Quando trascorriamo la vita mostrando agli altri una finta facciata, è facile perdere contatto con la nostra realtà più profonda, il nostro autentico sé. Diventa difficile udire ciò che gli altri dicono davvero o capire di cosa hanno bisogno da noi. Le nostre parole diventano vuote e meccaniche, gli altri ascoltano ma non vengono toccati. Solo accantonando il falso sé la nostra vera presenza e l’amore si manifestano. È questa la guarigione che tutti vogliamo, una guarigione che porta un’indistruttibile serenità.

Per la maggior parte della vita, giochiamo a una variante del gioco “facciamo finta che…”. Diciamo: “Facciamo finta che tu non l’abbia detto e che io non abbia sentito. Facciamo finta che quanto è successo non importi davvero. Io ti aiuto a tenere in piedi i tuoi pretesti e tu mi aiuti a tenere in piedi i miei”. Fin da giovani, ci viene insegnato a creare una personalità di facciata per piacere agli altri e nascondere gran parte di ciò che è reale. Tuttavia, poco a poco questa falsa personalità (o ego) prende il sopravvento e viviamo nella costante paura di essere smascherati, riconosciuti come diversi da quelli che sembriamo.

La finzione ci sottrae la nostra vera vita. Qualora qualcuno bussasse alla nostra porta per farci visita, il più delle volte non troverebbe nessuno a casa. Vivere in un mondo dove è difficile trovare qualcuno che ascolti davvero, che risponda e che si interessi a noi può dimostrarsi assai tremendo. Chiaramente, non c’è nulla di più salutare, non c’è miglior antidoto alla paura e alla solitudine che trovare una persona veramente “presente”. In questi momenti, anche noi ci sentiamo “a casa”, in pace con noi stessi.
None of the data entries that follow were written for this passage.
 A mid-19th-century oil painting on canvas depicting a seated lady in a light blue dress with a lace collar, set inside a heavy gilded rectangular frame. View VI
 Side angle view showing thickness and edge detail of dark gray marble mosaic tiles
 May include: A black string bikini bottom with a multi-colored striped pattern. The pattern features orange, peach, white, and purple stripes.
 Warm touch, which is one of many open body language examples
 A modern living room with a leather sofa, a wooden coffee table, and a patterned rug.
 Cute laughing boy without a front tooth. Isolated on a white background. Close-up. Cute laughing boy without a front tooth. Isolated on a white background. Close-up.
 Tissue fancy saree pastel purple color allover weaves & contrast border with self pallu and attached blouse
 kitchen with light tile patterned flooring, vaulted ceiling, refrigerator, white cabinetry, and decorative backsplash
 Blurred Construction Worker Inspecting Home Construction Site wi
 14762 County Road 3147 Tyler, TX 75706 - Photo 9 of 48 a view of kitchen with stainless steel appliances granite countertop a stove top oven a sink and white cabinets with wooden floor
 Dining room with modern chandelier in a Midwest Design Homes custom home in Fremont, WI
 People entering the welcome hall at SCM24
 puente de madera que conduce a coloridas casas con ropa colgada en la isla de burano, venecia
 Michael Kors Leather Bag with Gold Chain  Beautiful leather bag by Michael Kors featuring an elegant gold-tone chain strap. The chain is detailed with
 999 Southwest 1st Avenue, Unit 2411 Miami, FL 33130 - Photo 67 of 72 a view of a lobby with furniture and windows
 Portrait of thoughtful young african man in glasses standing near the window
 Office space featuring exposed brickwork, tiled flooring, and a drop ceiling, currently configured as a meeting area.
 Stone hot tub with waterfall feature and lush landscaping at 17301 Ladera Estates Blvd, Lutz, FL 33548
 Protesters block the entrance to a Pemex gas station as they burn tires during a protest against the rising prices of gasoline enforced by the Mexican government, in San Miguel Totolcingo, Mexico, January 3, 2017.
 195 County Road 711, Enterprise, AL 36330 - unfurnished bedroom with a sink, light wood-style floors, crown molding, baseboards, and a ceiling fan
Uno studente si era recato da un saggio maestro, mosso dal disperato desiderio di capire come vivere.
“Che cosa cerchi?”, gli chiese il saggio maestro.
“Illuminazione, serenità”, rispose il tormentato studente.
“Perché cerchi al di fuori? Lo scrigno dei gioielli ce l’hai tu stesso”.
“Dov’è questo scrigno?”, domandò con ansia lo studente.
Il maestro rispose: “Il tuo scrigno è proprio quello che stai chiedendo”.
All’improvviso, gli occhi dello studente si spalancarono.
Da allora, lo studente spesso esorta i suoi amici: “Apri il tuo scrigno e usane i tesori”.